亲爱的大姐:
阳台前的杏仁树静静地长出了枝芽。在又一个清明节来临之际,您慈祥的面容又在我脑海里重现。
大姐,您今年80岁了,如果您还健在该多好啊,我们就可以给您庆祝生日了!可惜,无情的病魔夺走了您的生命,您离开我们已经33个年头了。
大姐,我和您虽然同母异父,但您对我的关爱和呵护如同母爱,年逾古稀的我没有忘记。“妈妈,您要生产队里出工,我上学迟一点没关系,这些事我来做。”是您为了给我和弟、妹擦屁股、穿衣服,上学常迟到。您为了替父母分担,读了4年小学就辍学。为了让父母多挣工分,您十二三岁就跟着邻居,翻山越岭30多里,到粮管所购买国家供应的大米。您还把父母给您吃午饭的5角钱省下来,买水果糖给我们吃。好多次买米回家,您肩被擦破、脚被磨破,晚上一个人暗暗流泪。
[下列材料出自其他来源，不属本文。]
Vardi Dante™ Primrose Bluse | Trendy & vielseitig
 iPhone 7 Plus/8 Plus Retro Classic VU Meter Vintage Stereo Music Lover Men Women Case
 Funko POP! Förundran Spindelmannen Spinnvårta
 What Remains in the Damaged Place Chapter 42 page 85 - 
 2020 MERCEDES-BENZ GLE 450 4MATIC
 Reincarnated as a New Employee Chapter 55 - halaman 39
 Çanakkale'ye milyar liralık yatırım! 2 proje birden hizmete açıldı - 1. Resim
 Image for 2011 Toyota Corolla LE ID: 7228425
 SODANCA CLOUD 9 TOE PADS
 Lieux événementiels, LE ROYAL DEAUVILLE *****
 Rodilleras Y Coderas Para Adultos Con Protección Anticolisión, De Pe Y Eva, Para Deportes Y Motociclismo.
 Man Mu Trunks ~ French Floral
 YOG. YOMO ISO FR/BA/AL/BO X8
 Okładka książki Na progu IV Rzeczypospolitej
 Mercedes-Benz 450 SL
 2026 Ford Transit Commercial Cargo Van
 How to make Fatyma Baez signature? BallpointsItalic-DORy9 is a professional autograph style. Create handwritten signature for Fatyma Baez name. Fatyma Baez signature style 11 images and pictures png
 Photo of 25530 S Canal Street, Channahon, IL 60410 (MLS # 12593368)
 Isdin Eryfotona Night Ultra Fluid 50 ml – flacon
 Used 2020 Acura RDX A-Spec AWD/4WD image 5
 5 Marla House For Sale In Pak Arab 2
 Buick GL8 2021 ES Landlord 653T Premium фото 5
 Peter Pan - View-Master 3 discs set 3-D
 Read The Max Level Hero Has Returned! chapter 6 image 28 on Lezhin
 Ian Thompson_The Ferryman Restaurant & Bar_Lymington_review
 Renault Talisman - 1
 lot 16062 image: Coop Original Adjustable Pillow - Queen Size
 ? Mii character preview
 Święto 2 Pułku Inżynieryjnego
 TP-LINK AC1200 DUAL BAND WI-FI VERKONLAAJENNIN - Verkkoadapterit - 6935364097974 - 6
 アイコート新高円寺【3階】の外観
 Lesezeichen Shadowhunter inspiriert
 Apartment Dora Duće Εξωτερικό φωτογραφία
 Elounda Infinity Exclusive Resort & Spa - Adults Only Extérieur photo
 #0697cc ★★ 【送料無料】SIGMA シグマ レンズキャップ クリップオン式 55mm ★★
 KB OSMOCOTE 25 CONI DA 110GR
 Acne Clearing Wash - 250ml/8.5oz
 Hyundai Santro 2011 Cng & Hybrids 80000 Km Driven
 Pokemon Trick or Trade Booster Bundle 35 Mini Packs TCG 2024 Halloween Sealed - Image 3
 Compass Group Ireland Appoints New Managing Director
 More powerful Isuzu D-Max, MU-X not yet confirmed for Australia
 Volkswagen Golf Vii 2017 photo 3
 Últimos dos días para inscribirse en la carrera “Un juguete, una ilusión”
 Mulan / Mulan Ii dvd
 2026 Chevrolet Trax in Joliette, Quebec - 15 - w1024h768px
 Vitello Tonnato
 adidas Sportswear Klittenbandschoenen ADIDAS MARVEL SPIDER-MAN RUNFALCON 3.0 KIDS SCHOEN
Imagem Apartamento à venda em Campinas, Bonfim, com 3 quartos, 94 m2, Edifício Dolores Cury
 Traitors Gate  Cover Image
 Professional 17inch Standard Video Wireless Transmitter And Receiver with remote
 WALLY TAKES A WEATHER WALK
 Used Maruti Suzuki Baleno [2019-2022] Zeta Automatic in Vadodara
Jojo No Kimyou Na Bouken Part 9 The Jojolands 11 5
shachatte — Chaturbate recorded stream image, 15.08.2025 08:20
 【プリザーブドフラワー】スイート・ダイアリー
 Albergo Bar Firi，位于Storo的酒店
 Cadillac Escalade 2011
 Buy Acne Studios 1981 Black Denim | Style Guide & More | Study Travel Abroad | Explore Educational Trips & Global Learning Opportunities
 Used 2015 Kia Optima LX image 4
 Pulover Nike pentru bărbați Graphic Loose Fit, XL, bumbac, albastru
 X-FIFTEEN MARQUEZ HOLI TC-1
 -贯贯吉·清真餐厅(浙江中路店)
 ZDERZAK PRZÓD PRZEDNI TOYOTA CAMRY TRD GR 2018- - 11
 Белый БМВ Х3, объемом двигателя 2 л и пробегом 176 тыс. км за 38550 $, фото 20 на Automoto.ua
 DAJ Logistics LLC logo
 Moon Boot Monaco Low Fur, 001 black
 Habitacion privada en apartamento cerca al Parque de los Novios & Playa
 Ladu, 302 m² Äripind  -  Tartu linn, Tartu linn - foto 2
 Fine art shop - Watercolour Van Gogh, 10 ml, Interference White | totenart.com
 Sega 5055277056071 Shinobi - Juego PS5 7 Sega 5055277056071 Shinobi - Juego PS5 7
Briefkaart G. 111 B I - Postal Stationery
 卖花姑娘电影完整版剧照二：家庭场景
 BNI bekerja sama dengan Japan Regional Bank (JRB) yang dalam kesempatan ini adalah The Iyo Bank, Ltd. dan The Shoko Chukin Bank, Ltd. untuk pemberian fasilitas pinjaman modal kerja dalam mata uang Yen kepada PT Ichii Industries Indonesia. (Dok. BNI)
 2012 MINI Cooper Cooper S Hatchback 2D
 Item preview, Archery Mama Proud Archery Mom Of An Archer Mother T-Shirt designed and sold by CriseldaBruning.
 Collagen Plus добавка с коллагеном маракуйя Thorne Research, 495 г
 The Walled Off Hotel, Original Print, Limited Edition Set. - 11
大姐,我至今记得,我六七岁时的一天中午,吃饭时不慎打破了一个饭碗。那天,父母带午饭上山干活,您让我不要在父母面前提起打破碗的事,您有办法瞒过母亲。两三天后,家里来了三四个亲戚,母亲发现少了一个饭碗,便问起您来。您起初不作声,在母亲的一再盘问下,您承认是洗碗时不慎打破的。那个年代,山里人的一个碗是多么珍贵啊!是您替我“顶罪”,换来母亲的一顿痛骂。
大姐,您20岁嫁到峡口集镇上,每当我和弟、妹到您家,您像母亲见到孩子一样的亲切。虽然您家房屋不宽裕,但我们挤在一起闲谈或吃饭,就像在自己家一样。您的生活虽然不富裕,但只要我们到您家,您就算到邻居那里借钱,也要为我们准备上爱吃的菜。每次离开您家,您不仅要买油条、油煎枣等食品给我们吃,还要送上一程。一句句嘱咐,一声声道别,让我依依不舍,热泪盈眶。在我和哥哥、弟弟各自成家、为人之父后,您又把这般疼爱用在我们的儿女身上。
“要孝敬父母,兄弟之间要和睦团结。”大姐,是您一次次语重心长的教诲,为我们这个大家庭的和睦相处,注入手足情深的催化剂,让我们兄弟妹七个亲情长在。
大姐,您对我的关爱说不完,道不尽。如果有来生,我还要做您的弟弟,在您无微不至的关怀下健康长大。今生,我为您祈祷,祈愿您在天堂里没有病痛,不烦不恼过得好。